Background: If you add, say, a /24 address, that's an assertion that other IPs on that /24 are "directly connected" to the ethernet adapter.  On ethernet or ethernet-alikes, that means the station can ARP for the destination L3 right on the ethernet device.  If you were to add the /XX address, the kernel would automatically add the connected route in the background.  If you have ECMP configured, you can see this, I beileve, with "/sbin/ip route show table 255".

----------

## systema encephale

Hi, thanks for the reply. I will explain you my situation so that you can understan better. I want to split up my huge /16 network to several /24 smaller ones using different vlans. In the center there's an HP Procurve 4204 doing basic layer 3 routing between the vlans. My Gentoo box has a foot on each vlan and will work as dhcp AND http server: this means that the http server address MUST be the same for all vlans, while the dhcp server address has to belong to the subnet it releases addresses for, otherwise the dhcpcd daemon complains at startup.

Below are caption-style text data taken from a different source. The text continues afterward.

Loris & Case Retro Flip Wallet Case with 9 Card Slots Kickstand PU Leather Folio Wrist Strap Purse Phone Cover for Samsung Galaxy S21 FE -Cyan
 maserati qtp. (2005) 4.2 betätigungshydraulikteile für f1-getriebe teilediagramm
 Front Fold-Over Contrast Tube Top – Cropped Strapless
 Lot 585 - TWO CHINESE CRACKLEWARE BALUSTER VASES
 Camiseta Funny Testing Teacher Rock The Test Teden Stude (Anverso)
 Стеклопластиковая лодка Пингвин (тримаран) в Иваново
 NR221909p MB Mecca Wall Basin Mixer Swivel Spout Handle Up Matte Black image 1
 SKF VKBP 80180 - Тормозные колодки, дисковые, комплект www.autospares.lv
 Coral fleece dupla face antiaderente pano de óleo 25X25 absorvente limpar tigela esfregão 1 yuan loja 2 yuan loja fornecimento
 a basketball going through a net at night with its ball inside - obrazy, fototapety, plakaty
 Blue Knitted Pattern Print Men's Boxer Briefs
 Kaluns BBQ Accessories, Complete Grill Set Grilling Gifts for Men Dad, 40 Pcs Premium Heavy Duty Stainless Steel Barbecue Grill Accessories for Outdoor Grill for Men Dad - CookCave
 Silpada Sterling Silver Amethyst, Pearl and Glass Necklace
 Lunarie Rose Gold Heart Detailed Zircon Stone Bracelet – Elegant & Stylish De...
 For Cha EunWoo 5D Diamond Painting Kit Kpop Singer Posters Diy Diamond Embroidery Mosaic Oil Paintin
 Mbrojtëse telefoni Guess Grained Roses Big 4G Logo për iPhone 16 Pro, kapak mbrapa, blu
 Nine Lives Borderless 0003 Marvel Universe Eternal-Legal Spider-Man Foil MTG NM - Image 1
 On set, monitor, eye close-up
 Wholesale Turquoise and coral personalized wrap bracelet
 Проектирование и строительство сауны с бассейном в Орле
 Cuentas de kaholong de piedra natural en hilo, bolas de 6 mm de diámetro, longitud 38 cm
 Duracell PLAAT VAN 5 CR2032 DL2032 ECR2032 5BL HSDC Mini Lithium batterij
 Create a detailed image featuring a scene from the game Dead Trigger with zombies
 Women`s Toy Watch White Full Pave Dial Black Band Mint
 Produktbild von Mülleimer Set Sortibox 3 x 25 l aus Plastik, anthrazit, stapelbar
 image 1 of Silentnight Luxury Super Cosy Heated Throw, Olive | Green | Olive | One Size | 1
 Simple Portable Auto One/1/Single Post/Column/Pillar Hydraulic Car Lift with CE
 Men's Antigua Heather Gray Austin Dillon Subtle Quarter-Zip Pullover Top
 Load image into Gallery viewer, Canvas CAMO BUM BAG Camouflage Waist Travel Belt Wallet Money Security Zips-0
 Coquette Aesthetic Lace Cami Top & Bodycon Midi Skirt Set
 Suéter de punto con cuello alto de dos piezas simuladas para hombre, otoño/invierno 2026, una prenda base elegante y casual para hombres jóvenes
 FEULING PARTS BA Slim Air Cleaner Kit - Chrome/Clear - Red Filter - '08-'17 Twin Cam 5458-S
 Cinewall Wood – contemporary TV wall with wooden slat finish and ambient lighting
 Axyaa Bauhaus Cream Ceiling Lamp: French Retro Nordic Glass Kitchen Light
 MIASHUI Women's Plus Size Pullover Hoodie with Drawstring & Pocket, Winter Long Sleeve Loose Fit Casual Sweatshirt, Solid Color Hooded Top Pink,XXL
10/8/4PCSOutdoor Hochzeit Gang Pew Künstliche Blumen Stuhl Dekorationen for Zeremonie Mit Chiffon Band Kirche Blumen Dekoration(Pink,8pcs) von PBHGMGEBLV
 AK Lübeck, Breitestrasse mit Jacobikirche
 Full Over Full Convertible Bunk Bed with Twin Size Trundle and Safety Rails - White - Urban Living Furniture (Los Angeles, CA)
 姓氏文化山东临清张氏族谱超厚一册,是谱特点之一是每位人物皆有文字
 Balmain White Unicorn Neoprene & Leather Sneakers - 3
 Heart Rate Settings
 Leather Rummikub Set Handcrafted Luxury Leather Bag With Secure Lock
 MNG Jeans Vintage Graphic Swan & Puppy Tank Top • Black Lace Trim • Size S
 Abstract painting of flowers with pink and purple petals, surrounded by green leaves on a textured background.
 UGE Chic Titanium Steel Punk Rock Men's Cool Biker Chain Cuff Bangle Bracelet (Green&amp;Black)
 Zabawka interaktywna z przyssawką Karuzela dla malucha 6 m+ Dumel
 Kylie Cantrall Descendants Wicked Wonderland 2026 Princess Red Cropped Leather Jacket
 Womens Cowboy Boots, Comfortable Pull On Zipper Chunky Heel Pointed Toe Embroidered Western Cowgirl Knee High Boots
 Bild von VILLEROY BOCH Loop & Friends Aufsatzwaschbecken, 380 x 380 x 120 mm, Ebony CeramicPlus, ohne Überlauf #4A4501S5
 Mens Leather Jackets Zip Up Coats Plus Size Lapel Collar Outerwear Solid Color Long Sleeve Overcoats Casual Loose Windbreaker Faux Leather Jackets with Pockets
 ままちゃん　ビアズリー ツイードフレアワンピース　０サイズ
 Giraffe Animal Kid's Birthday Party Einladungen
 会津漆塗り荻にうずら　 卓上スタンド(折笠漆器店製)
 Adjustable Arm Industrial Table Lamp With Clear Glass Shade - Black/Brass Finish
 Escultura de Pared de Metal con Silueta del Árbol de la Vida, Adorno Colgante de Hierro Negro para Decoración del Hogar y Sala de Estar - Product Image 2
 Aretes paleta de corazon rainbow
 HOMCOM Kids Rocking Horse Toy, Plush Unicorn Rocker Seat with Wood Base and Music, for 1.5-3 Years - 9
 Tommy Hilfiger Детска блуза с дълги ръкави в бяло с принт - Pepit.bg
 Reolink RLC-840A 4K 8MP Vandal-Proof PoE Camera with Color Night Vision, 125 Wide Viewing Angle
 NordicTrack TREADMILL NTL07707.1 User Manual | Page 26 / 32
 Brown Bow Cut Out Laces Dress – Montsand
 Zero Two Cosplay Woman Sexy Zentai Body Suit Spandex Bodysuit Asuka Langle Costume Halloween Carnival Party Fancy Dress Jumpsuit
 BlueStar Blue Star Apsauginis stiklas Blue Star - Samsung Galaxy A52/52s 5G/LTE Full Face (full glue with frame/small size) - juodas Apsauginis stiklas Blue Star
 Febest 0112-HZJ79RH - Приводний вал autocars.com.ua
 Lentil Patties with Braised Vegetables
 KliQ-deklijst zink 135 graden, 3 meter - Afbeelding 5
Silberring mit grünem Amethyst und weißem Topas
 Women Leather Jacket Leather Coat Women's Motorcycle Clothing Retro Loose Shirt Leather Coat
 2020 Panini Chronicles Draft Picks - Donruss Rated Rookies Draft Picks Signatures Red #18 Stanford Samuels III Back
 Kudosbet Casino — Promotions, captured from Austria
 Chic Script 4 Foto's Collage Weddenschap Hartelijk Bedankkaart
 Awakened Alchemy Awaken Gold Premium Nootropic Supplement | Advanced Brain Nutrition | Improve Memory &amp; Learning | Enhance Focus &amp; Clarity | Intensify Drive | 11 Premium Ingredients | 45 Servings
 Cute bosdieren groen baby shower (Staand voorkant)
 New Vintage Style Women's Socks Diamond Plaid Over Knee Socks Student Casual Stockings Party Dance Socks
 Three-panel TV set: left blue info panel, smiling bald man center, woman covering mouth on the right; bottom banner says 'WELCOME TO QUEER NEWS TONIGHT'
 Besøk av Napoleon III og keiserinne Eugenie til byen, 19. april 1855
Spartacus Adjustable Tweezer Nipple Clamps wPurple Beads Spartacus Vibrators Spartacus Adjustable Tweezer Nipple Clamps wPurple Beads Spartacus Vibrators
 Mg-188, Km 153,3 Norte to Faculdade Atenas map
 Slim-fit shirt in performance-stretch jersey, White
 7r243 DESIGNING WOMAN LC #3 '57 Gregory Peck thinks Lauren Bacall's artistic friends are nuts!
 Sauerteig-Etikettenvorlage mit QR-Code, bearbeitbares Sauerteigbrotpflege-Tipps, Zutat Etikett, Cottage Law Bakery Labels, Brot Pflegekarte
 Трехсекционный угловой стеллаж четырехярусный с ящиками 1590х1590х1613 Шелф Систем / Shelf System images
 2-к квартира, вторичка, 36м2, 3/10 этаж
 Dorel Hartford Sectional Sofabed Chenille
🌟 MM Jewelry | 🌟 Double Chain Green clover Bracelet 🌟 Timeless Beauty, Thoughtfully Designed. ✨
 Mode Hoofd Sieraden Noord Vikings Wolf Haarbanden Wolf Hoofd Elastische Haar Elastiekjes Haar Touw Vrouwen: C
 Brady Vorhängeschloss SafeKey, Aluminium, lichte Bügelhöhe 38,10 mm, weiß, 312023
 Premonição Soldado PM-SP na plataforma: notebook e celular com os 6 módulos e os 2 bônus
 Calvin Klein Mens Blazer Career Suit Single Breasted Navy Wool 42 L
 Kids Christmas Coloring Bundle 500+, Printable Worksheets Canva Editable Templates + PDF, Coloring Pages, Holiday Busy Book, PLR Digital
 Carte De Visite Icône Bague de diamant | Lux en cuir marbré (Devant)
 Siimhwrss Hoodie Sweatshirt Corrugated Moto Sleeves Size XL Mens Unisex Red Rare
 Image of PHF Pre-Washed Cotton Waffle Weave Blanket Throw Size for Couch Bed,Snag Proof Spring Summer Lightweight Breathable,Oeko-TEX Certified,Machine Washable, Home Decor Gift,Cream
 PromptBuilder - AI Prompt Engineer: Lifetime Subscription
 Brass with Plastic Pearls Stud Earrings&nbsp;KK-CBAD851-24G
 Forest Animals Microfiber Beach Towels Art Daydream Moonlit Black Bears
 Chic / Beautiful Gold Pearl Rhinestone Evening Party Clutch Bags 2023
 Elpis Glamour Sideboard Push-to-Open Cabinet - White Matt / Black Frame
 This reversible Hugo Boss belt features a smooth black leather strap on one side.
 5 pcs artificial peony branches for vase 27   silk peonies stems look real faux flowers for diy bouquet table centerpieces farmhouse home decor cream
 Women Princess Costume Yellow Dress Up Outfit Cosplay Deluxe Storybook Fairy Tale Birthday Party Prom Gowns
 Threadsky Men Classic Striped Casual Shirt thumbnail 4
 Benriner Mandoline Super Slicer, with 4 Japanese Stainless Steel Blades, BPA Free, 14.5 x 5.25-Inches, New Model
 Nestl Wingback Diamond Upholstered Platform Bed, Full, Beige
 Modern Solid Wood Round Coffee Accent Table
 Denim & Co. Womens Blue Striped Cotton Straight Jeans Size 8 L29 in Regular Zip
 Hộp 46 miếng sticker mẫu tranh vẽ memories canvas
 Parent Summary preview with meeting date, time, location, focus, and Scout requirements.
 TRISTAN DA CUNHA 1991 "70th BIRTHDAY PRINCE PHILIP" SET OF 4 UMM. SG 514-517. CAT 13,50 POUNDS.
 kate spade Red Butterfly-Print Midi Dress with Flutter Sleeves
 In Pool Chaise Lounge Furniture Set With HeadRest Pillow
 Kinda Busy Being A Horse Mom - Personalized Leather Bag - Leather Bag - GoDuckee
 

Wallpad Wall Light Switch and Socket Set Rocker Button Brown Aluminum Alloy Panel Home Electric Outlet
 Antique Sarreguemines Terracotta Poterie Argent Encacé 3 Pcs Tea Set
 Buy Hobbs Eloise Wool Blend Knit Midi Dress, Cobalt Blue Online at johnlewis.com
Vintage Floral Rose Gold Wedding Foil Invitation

Let's say my box has main address 10.0.0.100/24 and 101 vlan's address 10.2.1.253/24 (10.2.1.254 is the procurve's address). It can release addresses to hosts in the 101 vlan, but if one of them (say 10.2.1.1) tries to contact 10.0.0.100 the reply comes from 10.2.1.253 and gets discarded. 10.0.0.100 and 10.2.1.253 are the same machine, but the reply packet goes through the shortest route. If I remove from the routing table the 10.2.1.0/24 direct route and I force the Gentoo box to go through its default gateway (again, the procurve) the 10.2.1.1 host sees the reply coming from 10.0.0.100.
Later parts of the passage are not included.